MAHKEMESİ :Ticaret Mahkemesi
Taraflar arasındaki itirazın iptali davasının yapılan yargılaması sonunda ilamda yazılı nedenlerden dolayı davanın kısmen kabulüne yönelik olarak verilen hükmün süresi içinde davacı ve davalı ... vekillerince temyiz edilmesi üzerine dosya incelendi, gereği konuşulup düşünüldü.
-K A R A R-
Davacı vekili, müvekkili kooperatifçe, aidat ve diğer kooperatif borçları ile ilgili olarak aralarında devir işlemi olan davalılar hakkında alacağın tahsili için icra takibi başlatıldığını, davalıların itirazları üzerine takibin durduğunu, davalılardan Halkbankası"nın 06.11.2006 tarihinden itibaren borçlardan sorumlu olduğunu kabul ettiğini, 1163 sayılı Kooperatifler Kanunu"nun 35.ve anasözleşmenin 17/3 ve 20/3 maddeleri uyarınca yeni ortakların üyelik öncesinde doğan borçlardan da sorumlu olduklarını ileri sürerek, takibe yapılan itirazın iptaline ve %40 icra inkar tazminatına karar verilmesini talep ve dava etmiştir.

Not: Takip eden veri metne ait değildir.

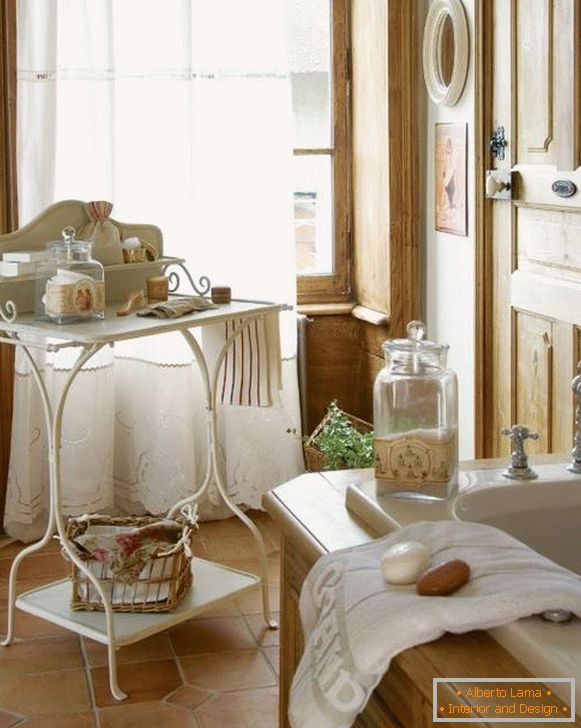 Decoração e acessórios para o banheiro no estilo da Provence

Davalı T.Halk Bankası A.Ş. vekili, müvekkilinin icra takibi sonucu ihale ile taşınmaz satınaldığını, kooperatif üyeliği için talepte bulunmadığını, kooperatif üyeliğinden kaynaklanan borçlardan sorumlu olmadığını savunarak, davanın reddine ve %40 icra inkar tazminatına karar verilmesini istemiştir.
Davalı ... vekili, müvekkilinin kooperatif üyesi olmadığını, üyelik başvurusu olmadan kooperatif tarafından üye olarak kaydının yapıldığını, tapudan taşınmaz satınaldığını, üyelik borçlarından sorumlu tutulamayacağını savunarak, davanın reddini istemiştir.
Mahkemece, davalı bankanın kooperatif üyesi olmadığı, diğer davalının ise genel kurula katılıp divan başkanlığı yaparak zımnen üyeliği kabul ettiği, birikmiş aidat ve faiz borcundan sorumlu olacağı gerekçesi ile T. Halk Bankası A.Ş. yönünden davanın reddine, diğer davalı yönünden kısmen kabulüne karar verilmiştir.
Karar, davacı vekili ve davalı ... vekili tarafından temyiz edilmiştir.
1-Dosyadaki yazılara, kararın dayandığı delillerle gerektirici sebeplere, delillerin takdirinde bir isabetsizlik bulunmamasına göre, taraf vekillerinin aşağıdaki bentlerin kapsamı dışında kalan diğer temyiz itirazları yerinde değildir.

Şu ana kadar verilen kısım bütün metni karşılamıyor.